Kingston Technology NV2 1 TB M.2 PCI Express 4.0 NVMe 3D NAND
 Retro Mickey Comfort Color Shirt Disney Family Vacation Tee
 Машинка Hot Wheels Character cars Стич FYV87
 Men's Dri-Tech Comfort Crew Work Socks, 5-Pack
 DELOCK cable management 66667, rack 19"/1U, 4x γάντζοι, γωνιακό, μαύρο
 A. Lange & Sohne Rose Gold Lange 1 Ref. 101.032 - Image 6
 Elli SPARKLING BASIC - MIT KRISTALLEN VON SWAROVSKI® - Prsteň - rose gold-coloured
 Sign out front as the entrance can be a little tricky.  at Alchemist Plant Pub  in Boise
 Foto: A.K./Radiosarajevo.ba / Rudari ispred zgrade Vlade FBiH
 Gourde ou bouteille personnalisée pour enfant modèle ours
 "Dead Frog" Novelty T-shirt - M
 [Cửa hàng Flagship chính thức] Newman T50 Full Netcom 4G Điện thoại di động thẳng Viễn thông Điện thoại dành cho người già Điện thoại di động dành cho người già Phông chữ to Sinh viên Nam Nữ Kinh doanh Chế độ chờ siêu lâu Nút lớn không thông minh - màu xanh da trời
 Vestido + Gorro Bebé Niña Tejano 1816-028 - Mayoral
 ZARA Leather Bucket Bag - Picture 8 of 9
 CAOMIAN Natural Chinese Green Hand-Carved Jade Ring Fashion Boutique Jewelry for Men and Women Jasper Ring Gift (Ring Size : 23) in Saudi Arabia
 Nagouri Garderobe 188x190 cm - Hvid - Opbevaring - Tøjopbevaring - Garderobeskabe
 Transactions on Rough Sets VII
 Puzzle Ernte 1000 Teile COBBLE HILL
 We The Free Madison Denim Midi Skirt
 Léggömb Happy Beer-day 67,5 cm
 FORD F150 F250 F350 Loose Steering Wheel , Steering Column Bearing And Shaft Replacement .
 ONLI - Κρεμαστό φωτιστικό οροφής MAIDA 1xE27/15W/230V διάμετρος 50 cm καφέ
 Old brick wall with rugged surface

(Task prompt): Pick out each line above that includes "Comfort" and show it.

(Response):
 Retro Mickey Comfort Color Shirt Disney Family Vacation Tee
 Men's Dri-Tech Comfort Crew Work Socks, 5-Pack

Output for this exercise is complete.